**Problem description**
Will you write out, word for word, every line from the one with "thumbnail image 3" to the final line of the data below, with the pictures left out?
** Opening Supplied material block **
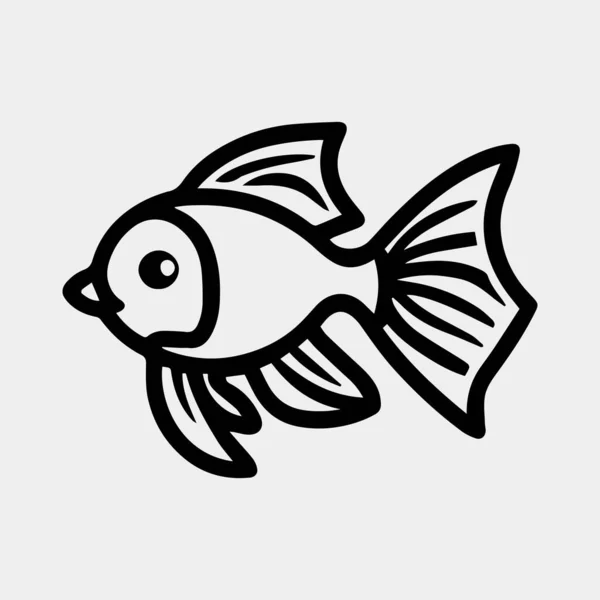 Black White Vector Illustration Golden Fish — Stock Vector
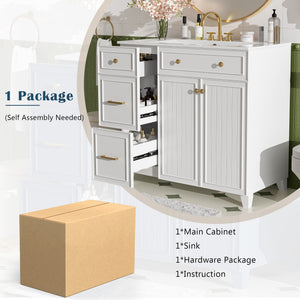 English Elm 36" Modern Bathroom Vanity with Ceramic Sink, Soft-Close Doors, Double-Layer Drawer & Storage Elegance White N729P289163K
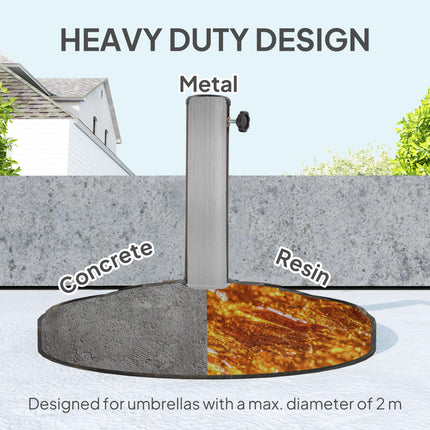 12kg Heavy Duty Resin Garden Parasol Base with Retro Lotus Design - Bronze Tone
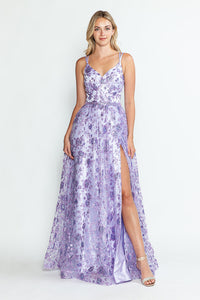 LA Merchandise LAF8235 Glitter Floral A-Line Evening Gown with Slit–Spaghetti Straps & Sweetheart Neckline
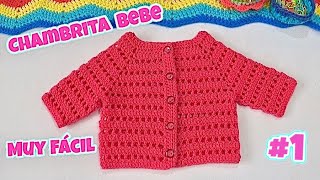 Saquito Tejido a Crochet Para bebe MUY FACIL para principiantes 1 [upl. by Welcher931]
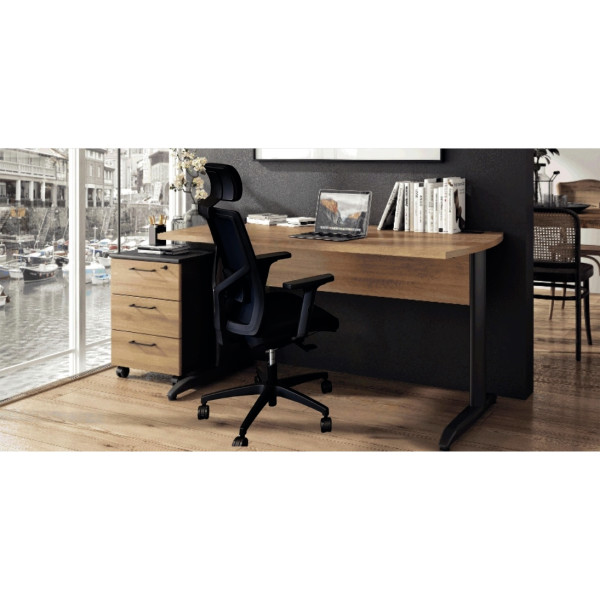Fauteuil Eleganze avec tétière dos noir/assise gris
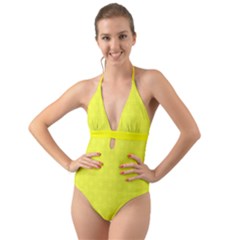 Brite Yellow Diamond Squares Halter Cut-out One Piece Swimsuit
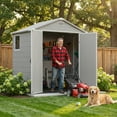 thumbnail image 3 of Homall 6x4ft Outdoor Plastic Storage Shed with Window,Weather-Resistant, Easy Assembly, Wood-Effect Garden Tool House,Light Gray, 3 of 8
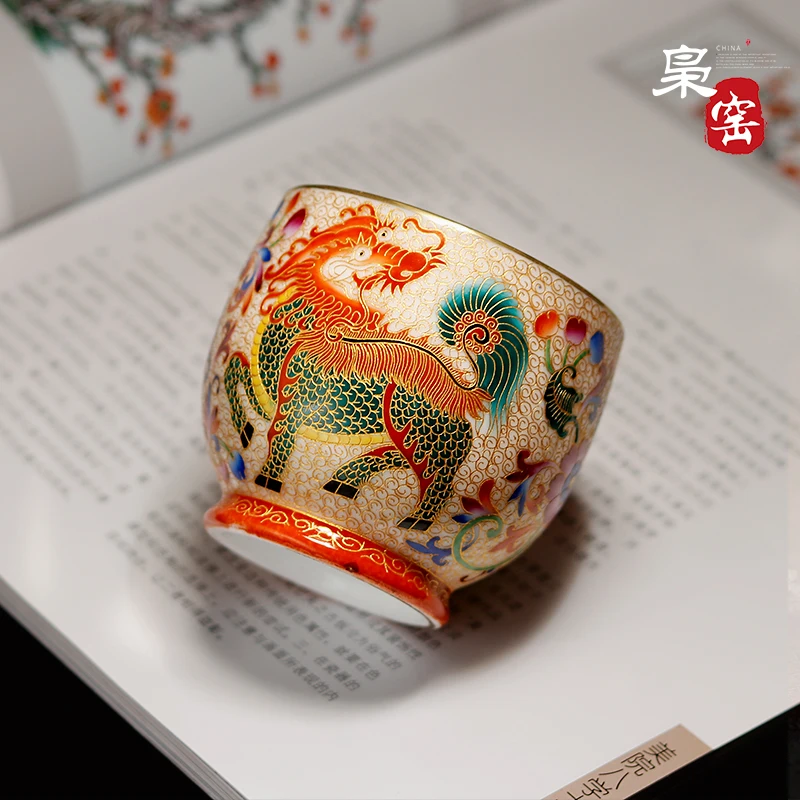 

Jingdezhen Ceramic Tea Set Hand Painted Gold Filigree Master Cup Kung Fu Tea Cup Golden Lion Enamel Tea Cup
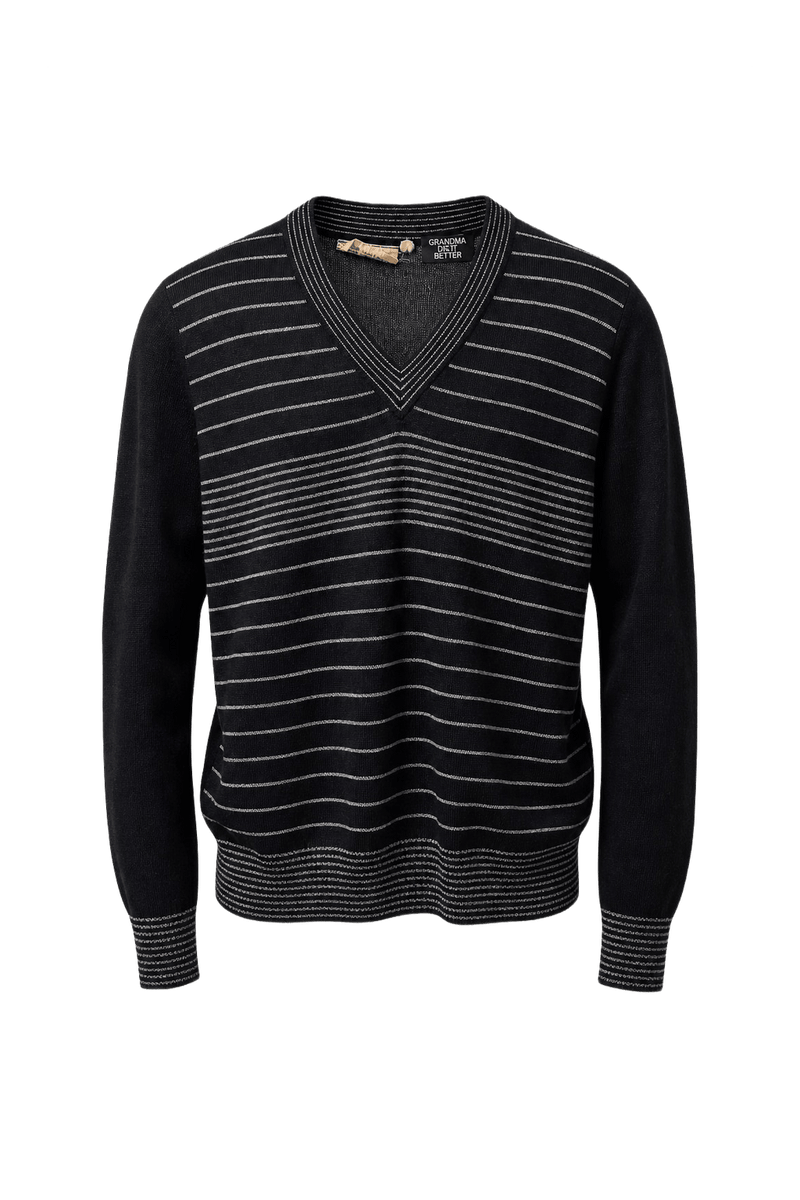 1970s Black Wool Blend Sweater - Front View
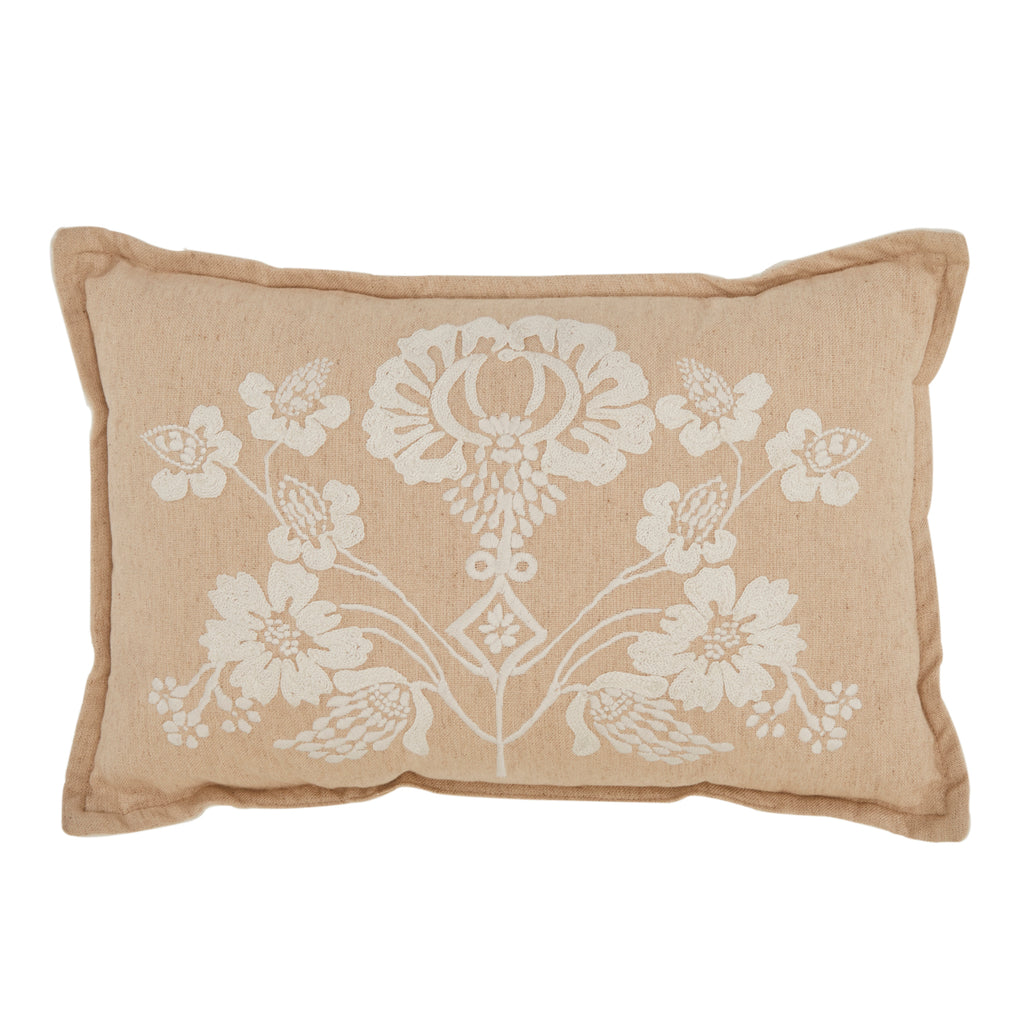 Tan Linen Lumbar Pillow With White Flowers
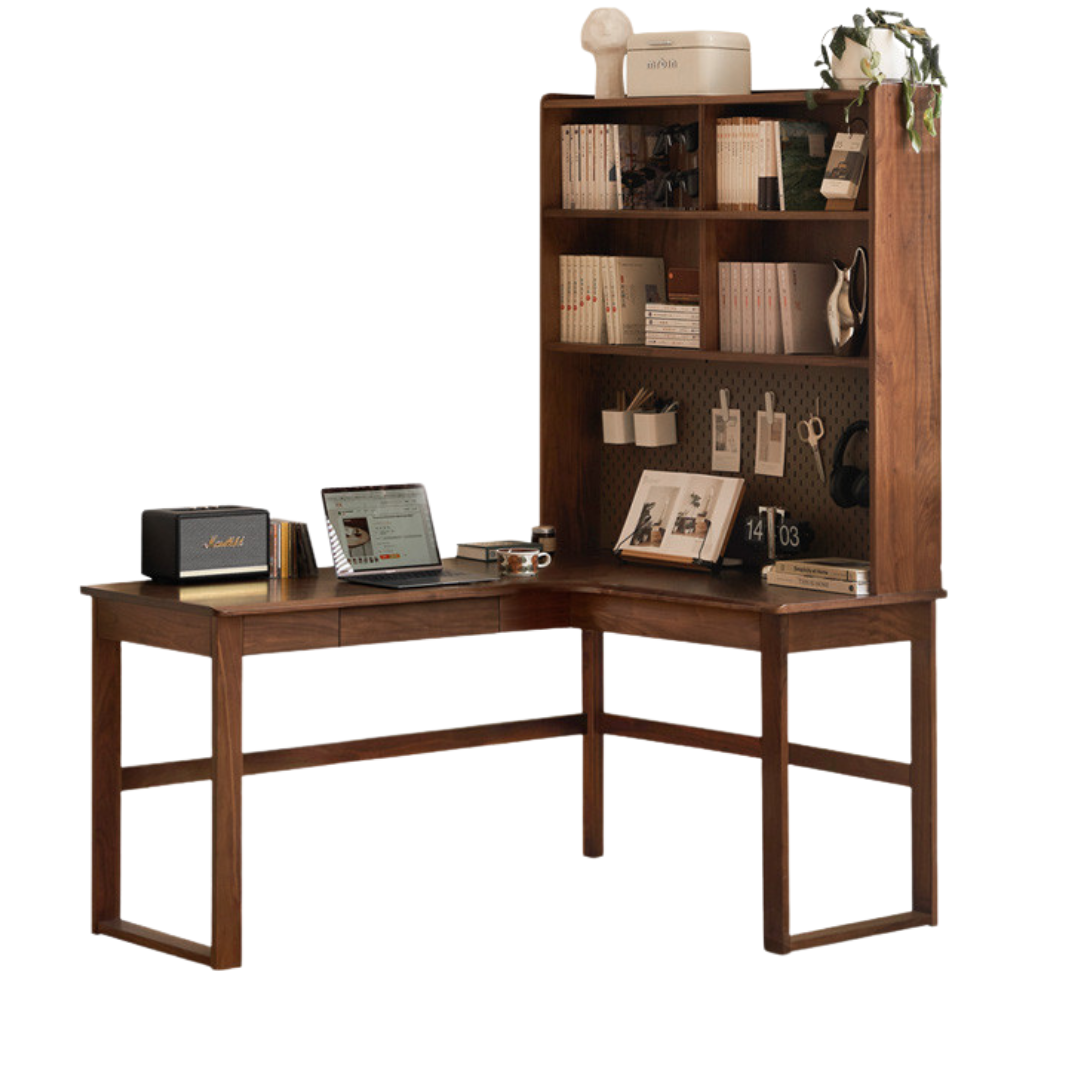 Black Walnut, Oak Solid Wood Corner Desk Bookshelf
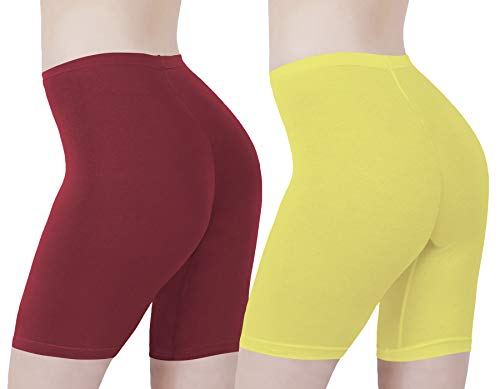 Image of Buy That Trendz Cotton Lycra Tight Fit Stretchable Cycling Shorts Womens | Shorties for Active wear /Exercise /Workout /Yoga /Gym /Cycle /Running Red Grey Combo Pack of 2
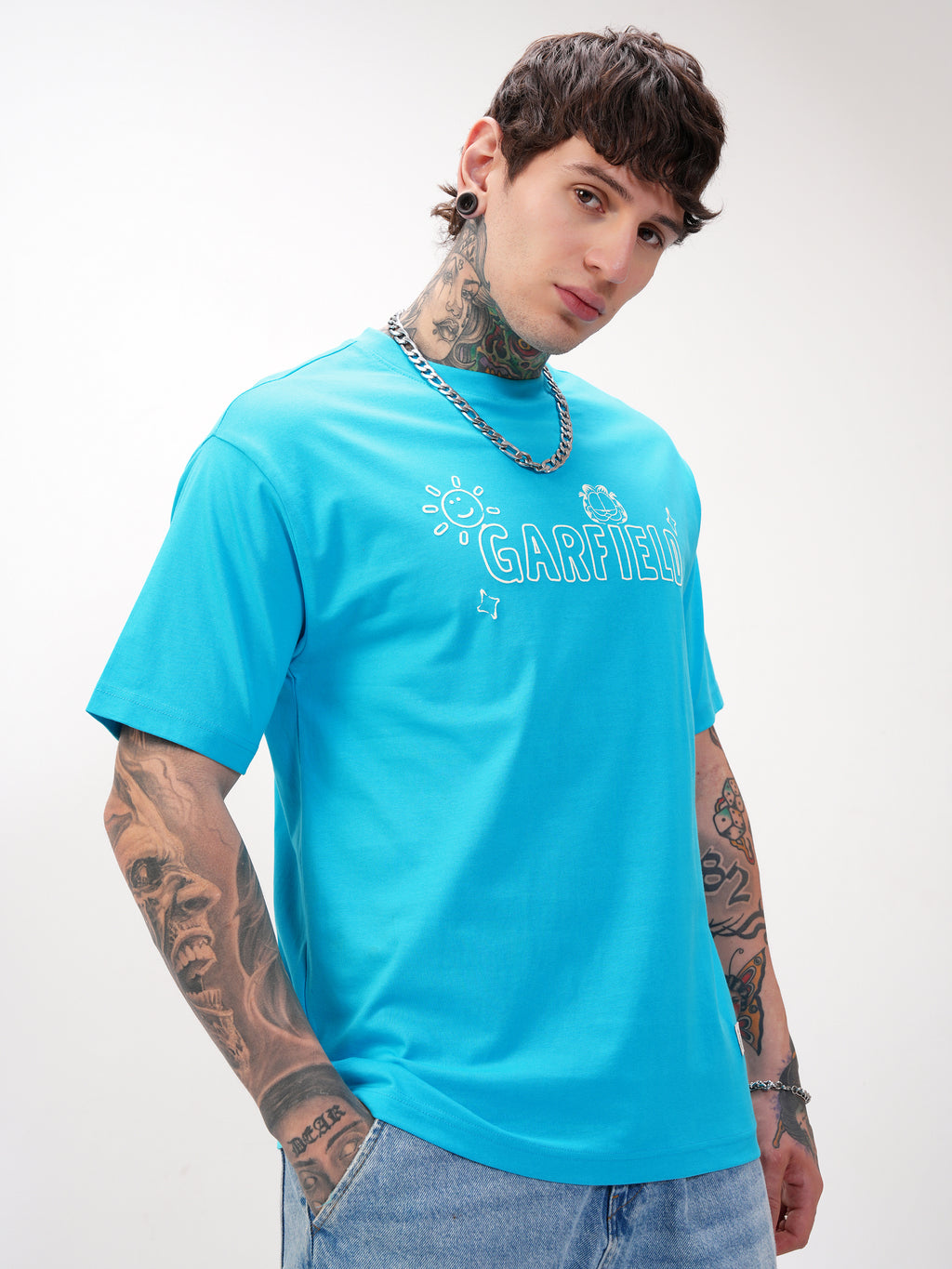 Highlander Men Blue Garfield Printed Round Neck T-Shirt - Blue - Image 6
** Closing Supplied material block **
**Completed exercise**
 thumbnail image 3 of Homall 6x4ft Outdoor Plastic Storage Shed with Window,Weather-Resistant, Easy Assembly, Wood-Effect Garden Tool House,Light Gray, 3 of 8

Jingdezhen Ceramic Tea Set Hand Painted Gold Filigree Master Cup Kung Fu Tea Cup Golden Lion Enamel Tea Cup
 1970s Black Wool Blend Sweater - Front View
 Tan Linen Lumbar Pillow With White Flowers
 Black Walnut, Oak Solid Wood Corner Desk Bookshelf
 Image of Buy That Trendz Cotton Lycra Tight Fit Stretchable Cycling Shorts Womens | Shorties for Active wear /Exercise /Workout /Yoga /Gym /Cycle /Running Red Grey Combo Pack of 2
 Highlander Men Blue Garfield Printed Round Neck T-Shirt - Blue - Image 6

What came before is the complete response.